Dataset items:
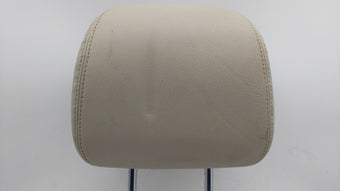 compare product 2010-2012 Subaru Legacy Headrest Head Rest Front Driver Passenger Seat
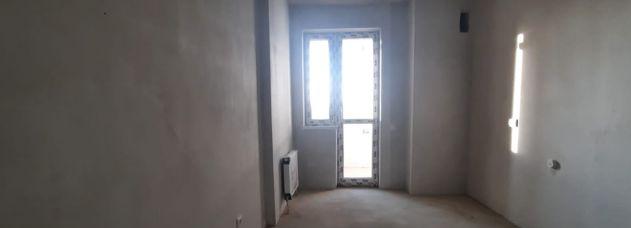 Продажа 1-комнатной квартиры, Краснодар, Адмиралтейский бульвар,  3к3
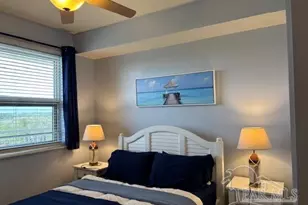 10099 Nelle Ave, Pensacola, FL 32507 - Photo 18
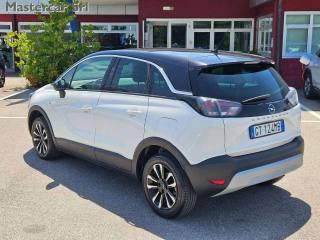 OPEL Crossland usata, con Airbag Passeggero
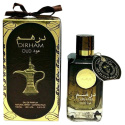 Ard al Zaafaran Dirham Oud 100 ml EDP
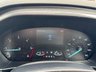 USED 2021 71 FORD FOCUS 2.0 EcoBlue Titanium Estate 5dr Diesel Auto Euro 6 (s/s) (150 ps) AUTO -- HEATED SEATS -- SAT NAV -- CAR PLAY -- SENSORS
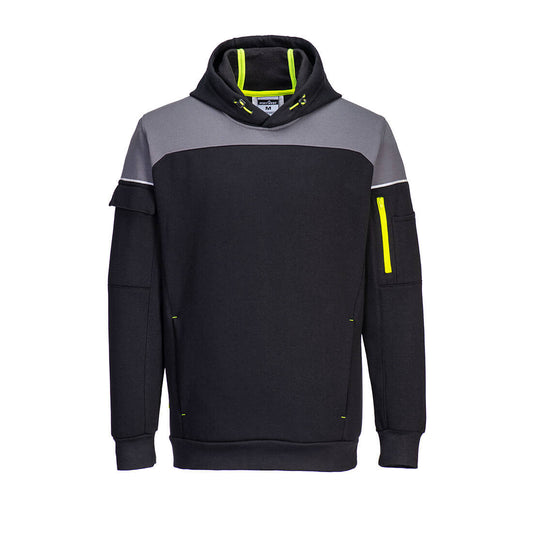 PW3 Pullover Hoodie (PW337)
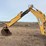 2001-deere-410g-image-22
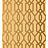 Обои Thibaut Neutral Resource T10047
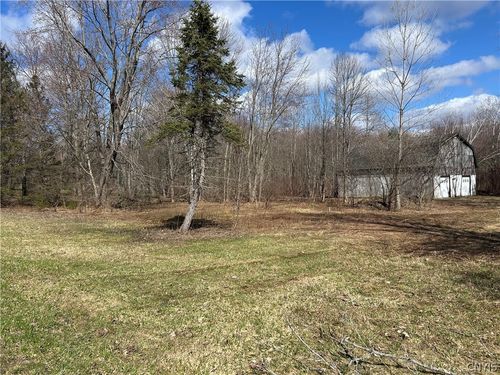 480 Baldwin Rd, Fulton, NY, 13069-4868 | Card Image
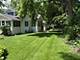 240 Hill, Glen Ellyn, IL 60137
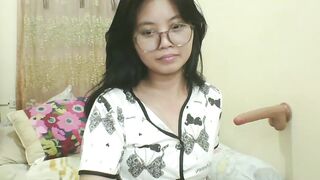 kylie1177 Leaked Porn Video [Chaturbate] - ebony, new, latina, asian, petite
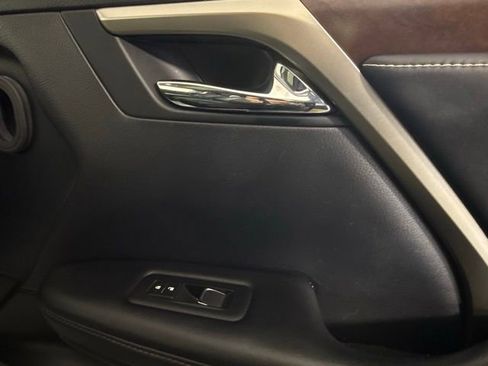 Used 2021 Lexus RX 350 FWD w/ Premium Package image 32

● **WORK TASK**: Pictures are not part of the copy. Extract exactly the lines from the line containing "10099 Nelle Ave, Pensacola, FL" through the final line of the entries above, both included.

● **SOLUTION FOR THIS PROBLEM**:
 10099 Nelle Ave, Pensacola, FL 32507 - Photo 18
 OPEL Crossland usata, con Airbag Passeggero
 Ard al Zaafaran Dirham Oud 100 ml EDP
 USED 2021 71 FORD FOCUS 2.0 EcoBlue Titanium Estate 5dr Diesel Auto Euro 6 (s/s) (150 ps) AUTO -- HEATED SEATS -- SAT NAV -- CAR PLAY -- SENSORS
 PW3 Pullover Hoodie (PW337)
 2001-deere-410g-image-22
 Обои Thibaut Neutral Resource T10047
 480 Baldwin Rd, Fulton, NY, 13069-4868 | Card Image
 240 Hill, Glen Ellyn, IL 60137
 kylie1177 Leaked Porn Video [Chaturbate] - ebony, new, latina, asian, petite
 Used 2021 Lexus RX 350 FWD w/ Premium Package image 32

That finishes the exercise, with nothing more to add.